Todavía recuerdo la emoción que sentí en la plaza de San Pedro cuando el cardenal protodiácono Jean-Louis Tauran nos anunciaba a Jorge Bergoglio como el nuevo papa Francisco. Emoción nacida en que era el primer papa latinoamericano pero sobre todo, un hombre profundamente humano, sencillo, coherente y valiente, que nos transmitía la cercanía para predicar y mostrarnos el evangelio una guía viva para actuar.

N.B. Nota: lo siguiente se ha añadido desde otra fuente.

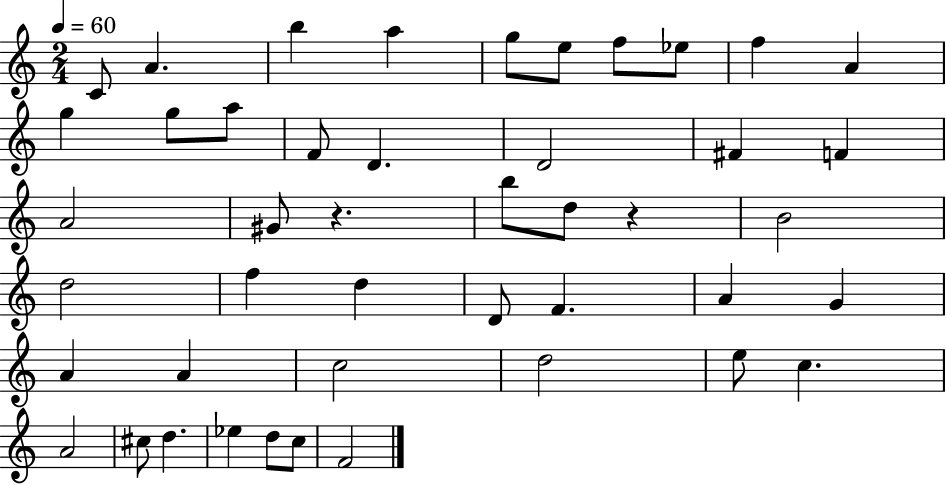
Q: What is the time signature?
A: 2/4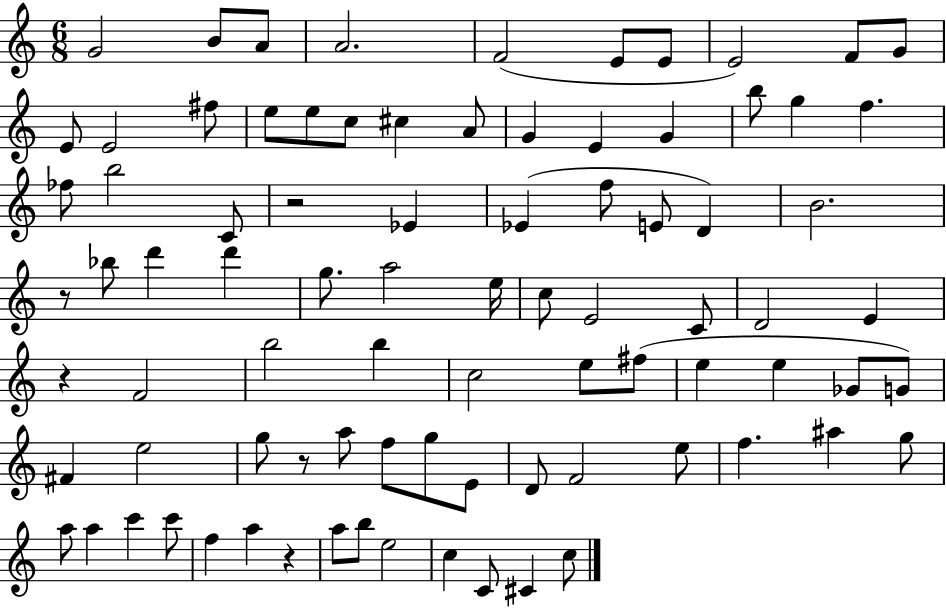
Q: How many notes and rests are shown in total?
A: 85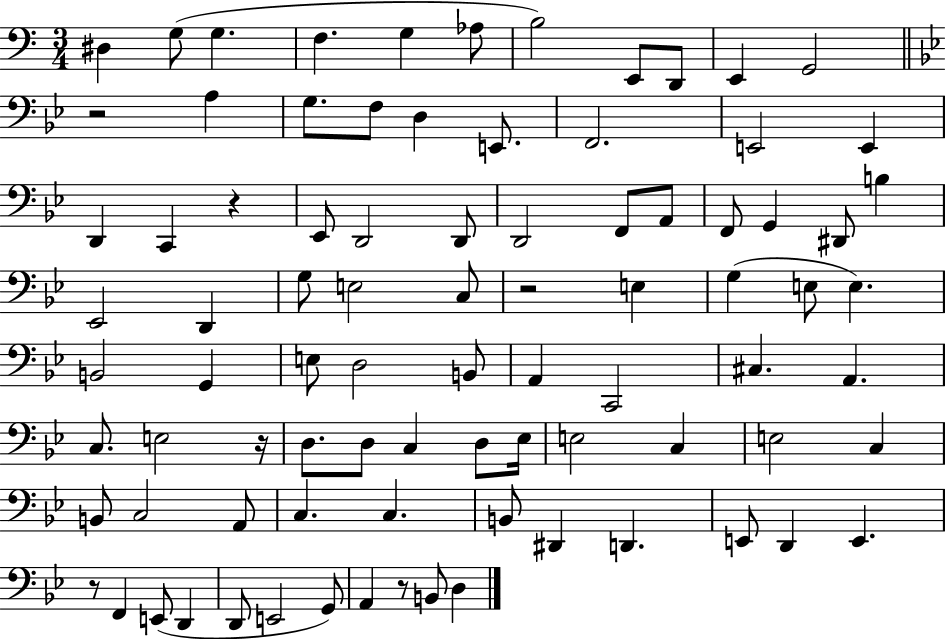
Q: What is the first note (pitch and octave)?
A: D#3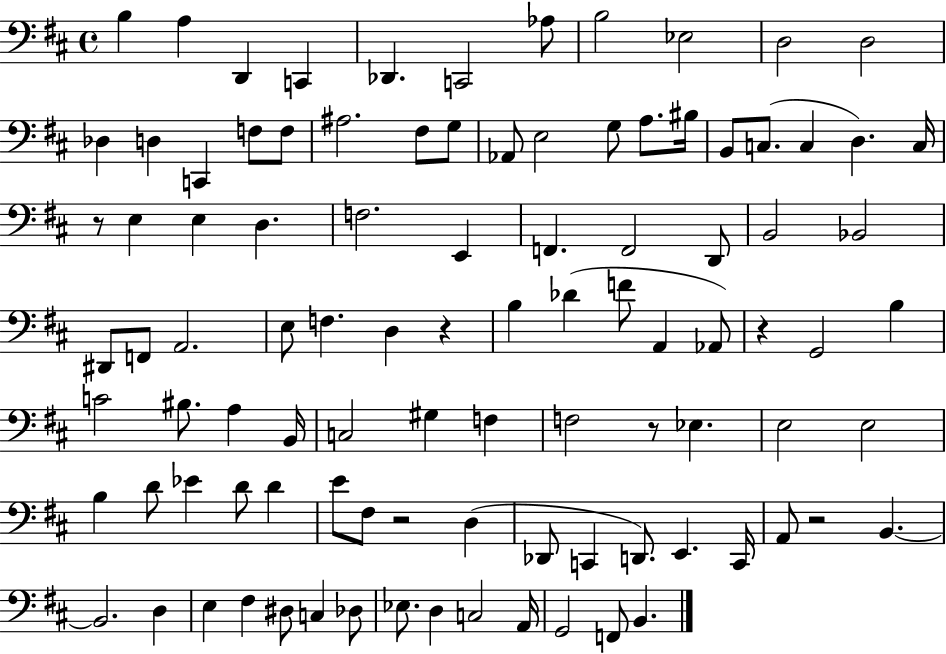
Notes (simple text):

B3/q A3/q D2/q C2/q Db2/q. C2/h Ab3/e B3/h Eb3/h D3/h D3/h Db3/q D3/q C2/q F3/e F3/e A#3/h. F#3/e G3/e Ab2/e E3/h G3/e A3/e. BIS3/s B2/e C3/e. C3/q D3/q. C3/s R/e E3/q E3/q D3/q. F3/h. E2/q F2/q. F2/h D2/e B2/h Bb2/h D#2/e F2/e A2/h. E3/e F3/q. D3/q R/q B3/q Db4/q F4/e A2/q Ab2/e R/q G2/h B3/q C4/h BIS3/e. A3/q B2/s C3/h G#3/q F3/q F3/h R/e Eb3/q. E3/h E3/h B3/q D4/e Eb4/q D4/e D4/q E4/e F#3/e R/h D3/q Db2/e C2/q D2/e. E2/q. C2/s A2/e R/h B2/q. B2/h. D3/q E3/q F#3/q D#3/e C3/q Db3/e Eb3/e. D3/q C3/h A2/s G2/h F2/e B2/q.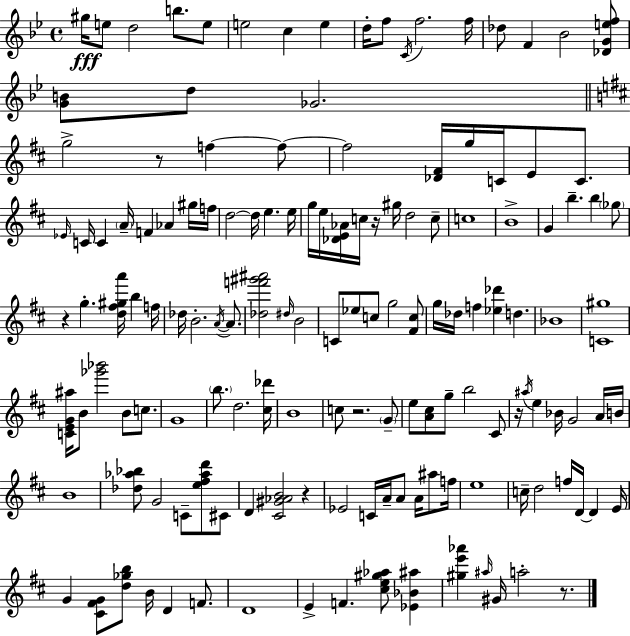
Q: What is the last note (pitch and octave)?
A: A5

Nacido en Buenos Aires en 1936, hijo de inmigrantes italianos, fue obrero, químico y formador antes de asumir el sacerdocio como un estilo de vida al servicio de los demás. Su experiencia en las calles porteñas, su paso por los barrios populares, su contacto con el dolor de los pobres y las heridas del pueblo le dieron una sensibilidad distinta: la fe como compasión activa, la espiritualidad como compromiso con la dignidad humana.
Desde que fue elegido en 2013, insistió en una iglesia "hospital de campaña", más preocupada por sanar que por condenar, más dispuesta a escuchar que a imponer. Se convirtió en una voz ética global, incómoda para los poderosos y cercana a los descartados. Habló de economía con justicia, de ecología integral, de migración, de fraternidad, de sinodalidad. No desde teorías, sino desde el evangelio vivido con los pies en la tierra.
Francisco es el papa que no temió usar palabras como ternura, periferia, misericordia. El que pone el foco donde muchos lo habían quitado: en el otro, en el último, en el roto, en el diferente. El que nos recordó — a todos, creyentes o no — que la vida humana vale más que cualquier dogma o estructura.
No fue perfecto, ha sido criticado, resistido, incomprendido. Pero siguió adelante con la convicción de que una iglesia que no se ensucia con el barro de la realidad, no sirve. Y eso, en tiempos de tanta incoherencia, no solo se agradece: se necesita.
Francisco, más que un nombre papal, es hoy un símbolo de esperanza en un mundo que necesita volver a creer que la fe puede ser transformadora, humana y viva.